Malta’s Lost Voices & the early recordings (1931-1932)


A forgotten part of local history (like so many other parts), almost erased from local memory is the early recording of folk and popular music from the island nation, Malta. Initiated in early 1931, when the music establishments in the fortress-city, Valletta, were alive and well. Thriving, to say the least, at a time when music and entertainment were the order of the day. As early as February 1931, an individual referred to as Dr. Habib, sent the first group of musicians to Tunis to record the first 78rpms under French Polyphon label. What ensued was a social phenomenon, which took much of society by storm for the next two years. It was a strong political statement for the Maltese language and a tremendous boost for folk music. Musicians could even make a decent living contracted by the agents of Messrs.Carabott of Merchant’s street and Damato of St.John’s street. The latter was agent for HMV, Gramophone Company in Essex. Only recently (1931), the major record labels worldwide had merged to form the conglomerate EMI Records, thus eliminating fierce competition and securing a bigger portion of the market.

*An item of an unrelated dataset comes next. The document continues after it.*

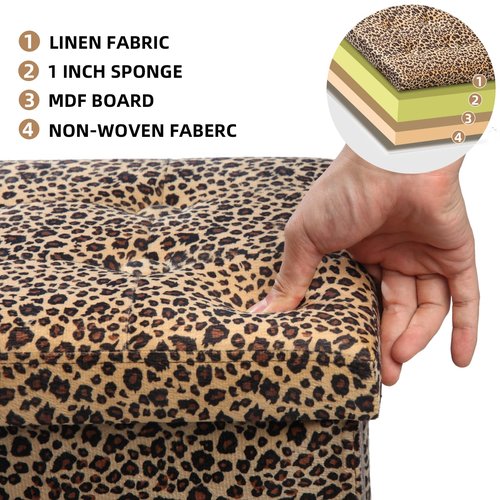 ALASDO Ottoman Storage Ottoman Footrest Stool Small Ottoman with Storage Foldable Ottoman Foot Rest Footstool Bench for Living Room 17x13x13inches Leopard Print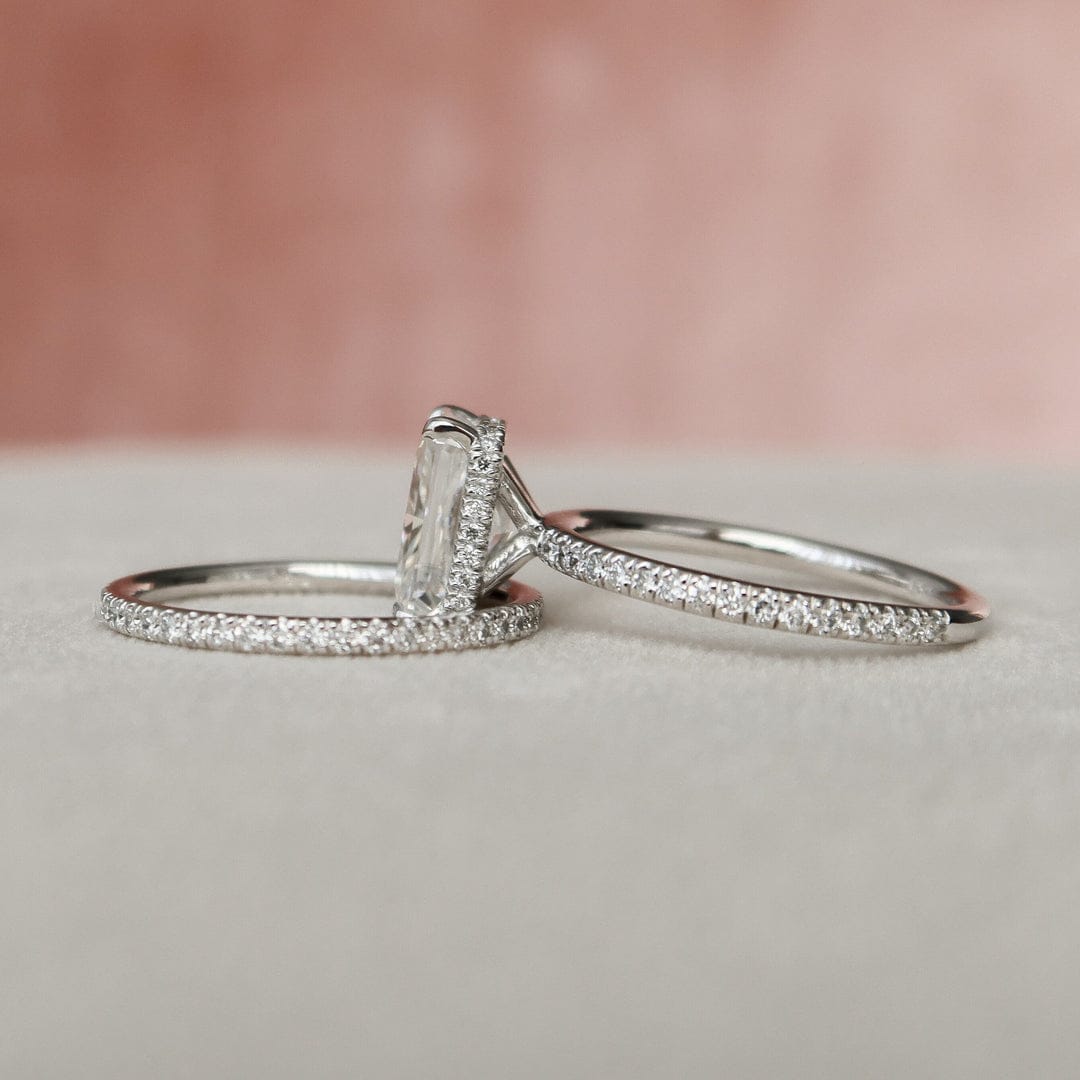 3.0 CT Radiant Cut Hidden Halo Moissanite Eternity Bridal Set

Prior to that was a cutthroat race to send recording engineers to every corner of the globe with one-ton equipment to establish markets by recording the artists of the day. This gave rise to what has been referred to as the ‘ethnic series’ recordings as companies realized there was a market for music beyond the palate of the western world. These companies were not interested in the music but in the selling of records, so as to be able to market gramophones worldwide. This resulted in recording the music of many countries worldwide as early as 1906. The songs on these Maltese discs are honest and genuine recordings of local traditional and popular music in the language, dialect and sentiment of the day.

“There is nothing ersatz or commercial about these recordings; they are genuine, archaic examples of traditional music sung in local dialect.” 1


So what happened here? Why was the phenomenon so short-lived?. Maybe because the population then couldn’t afford records and gramophones? Or was it disdain and mockery towards the culture by the upper strata of society? Or simply that the records companies realized there was no market really?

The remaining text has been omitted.